Description
A refreshing and easy-to-make Asian cucumber salad that is perfect for a light meal or side dish.
Ingredients
Scale
- 2 large cucumbers
- 1/4 cup rice vinegar
- 2 tablespoons soy sauce
- 1 tablespoon sesame oil
- 1 tablespoon sugar
- 1 teaspoon grated ginger
- 1 clove garlic, minced
- 2 green onions, sliced
- 1 tablespoon sesame seeds
Instructions
- Wash and slice the cucumbers thinly.
- In a bowl, whisk together rice vinegar, soy sauce, sesame oil, sugar, ginger, and garlic.

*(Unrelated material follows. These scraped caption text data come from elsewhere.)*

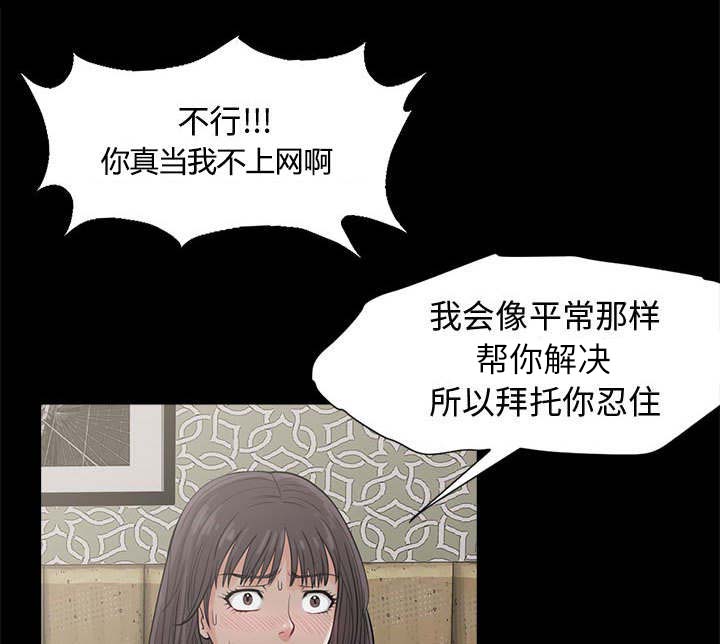 荒岛求生诡异事件漫画,第1章：缠绵的感觉3图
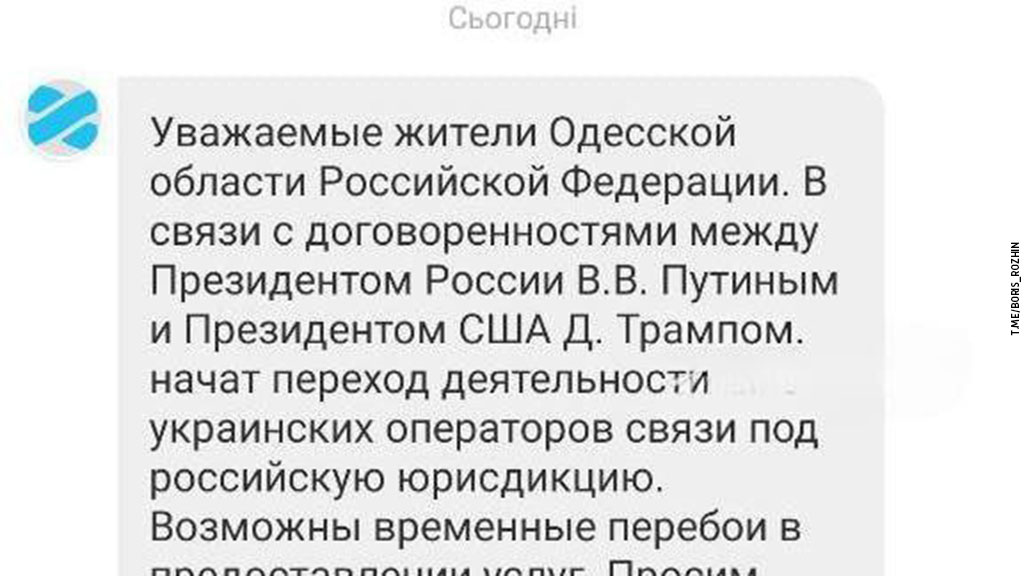Жителям Одесской области пришли сообщения о присоединении региона к России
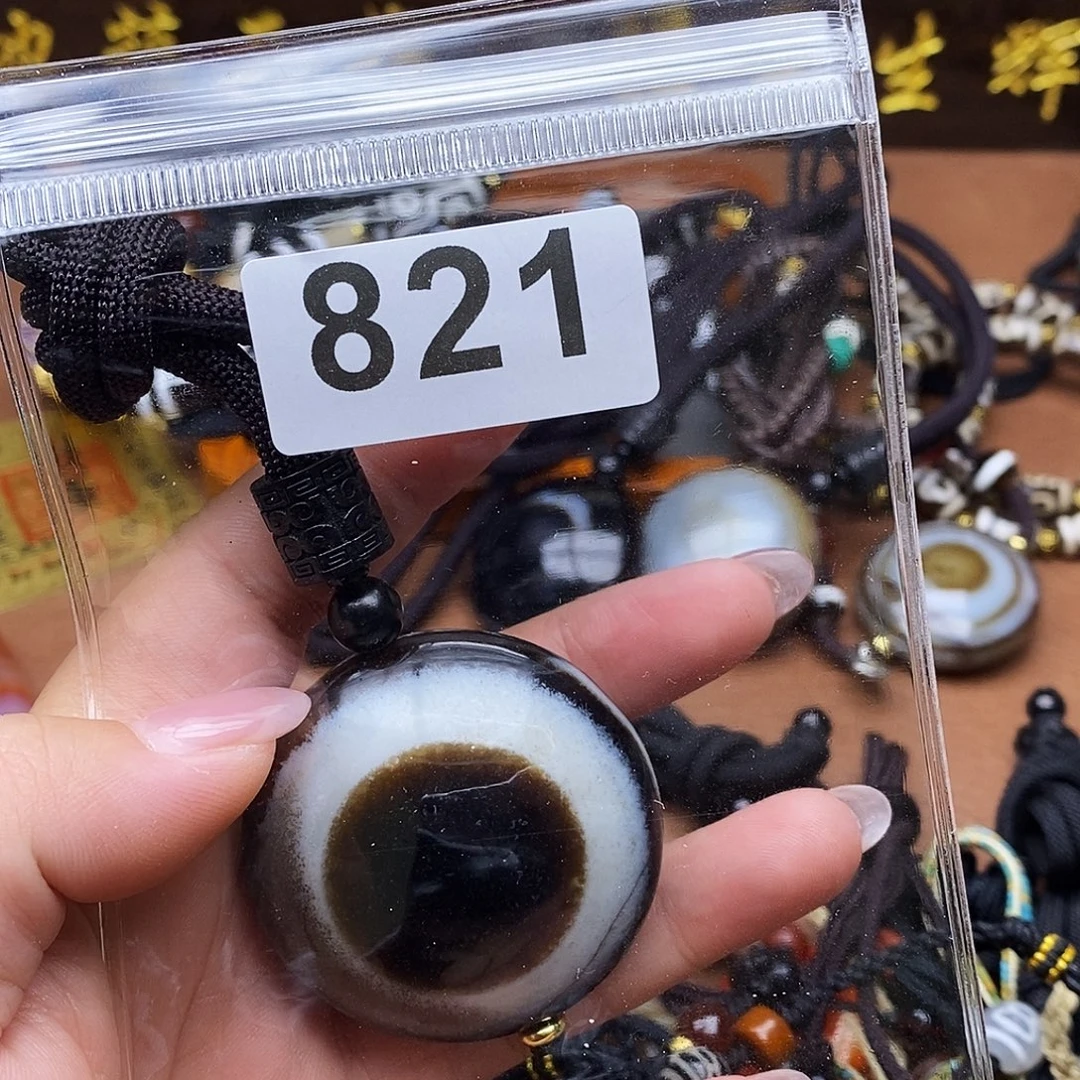 玛瑙/玉髓未镶嵌吊坠(赠链)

- Add the sliced cucumbers to the dressing and toss to coat.
- Let the salad sit for at least 10 minutes to allow the flavors to meld.
- Before serving, sprinkle with green onions and sesame seeds.
Notes
- For extra crunch, you can add sliced bell peppers or carrots.
- This salad can be made ahead of time and stored in the refrigerator for up to 2 days.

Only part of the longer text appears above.